Development and validation of a risk prediction model for lung cancer with common health examination indexes


Session type:

Zhangyan Lyu1,Ni Li1,Fengwei Tan1,Jiang Li1,Chunqing Lin1,Hongda Chen1,Jiansong Ren1,Jufang Shi1,Kai Su1,Fang Li1,Xiaoshuang Feng1,Luopei Wei1,Xin Li1,Yan Wen1,Gang Wang2,Shuohua Chen2,Shouling Wu2,Min Dai1,Jie He1
1National Cancer Center, Beijing, China, National Clinical Research Center for Cancer, Beijing, China, Cancer Hospital, Beijing, China, Chinese Academy of Medical Sciences and Peking Union Medical College, Beijing, China,2Kailuan General Hospital, Tangshan, China



Lung cancer has been the most common cancer and leading cause of cancer-related death for several decades worldwide, especially in China, the most populous country. Low-dose computed tomography (LDCT) has been proven to reduce lung cancer mortality. A user-friendly lung cancer risk perdition model could help standardize the selection of high-risk population for LDCT screening and alter individuals’ lifestyle factors to lower their risk. We thus sought to develop and internally validate a simple model for lung cancer based on a prospective cohort study in China.

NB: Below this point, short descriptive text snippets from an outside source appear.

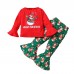 【12M-5Y】2-piece Girls Christmas Graphic Print Red T-shirt And Flared Pants Set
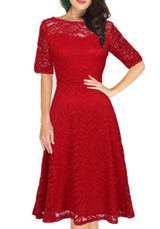 Red Patchwork Lace Zipper Round Neck Sweet Midi Dress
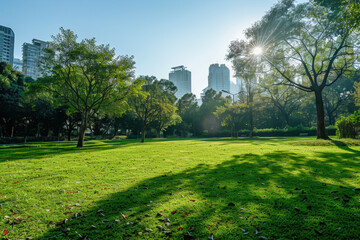 Fototapeta premium Parc urbain verdoyant au cœur de la ville, arbres et pelouse sous la lumière du soleil, nature en milieu urbain et biodiversité en ville
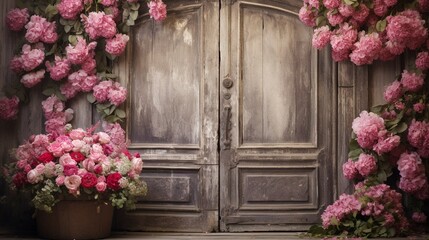 Fototapeta na wymiar Ancient antique wooden door decorated with bouquets of flowers, entrance group. Generation AI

A total of 138,150 people was prospectively observed from 2006 to 2015 for lung cancer incidence. Stepwise multivariable-adjusted logistic regressions with Pentry=0.15 and Pstay=0.20 were conducted to select the candidate variables included in the prediction model. Concordance statistics (C-statistics) and Hosmer–Lemeshow tests were used to evaluate discrimination and calibration, respectively. Ten-fold cross-validation was used for internal validation.


During a median of 9-year follow-up, a total of 1088 (0.79 %) lung cancer cases were identified. The simple model including age and smoking generated a C-statistics of 0.71. The full model additionally included sex, alcohol consumption, body mass index (BMI), low-density lipoprotein cholesterol (LDL-C), and C-reactive protein (CRP) showed significantly better predictive performance regarding discrimination (C-statistics=0.73, P<0.01). In 10-fold cross-validation, the average C-statistic across the 10 test sets was similar (0.73). Model calibrated well across deciles of predicted risk (PHL=0.48). The predicted risk of lung cancer in the top decile was 0.04% vs. 2.36% in the bottom decile (Odds ratio [OR]=98.16).


We developed and internally validated an easy-to-use risk prediction model for lung cancer among the Chinese population that could provide guidance for LDCT screening and early detection of lung cancer.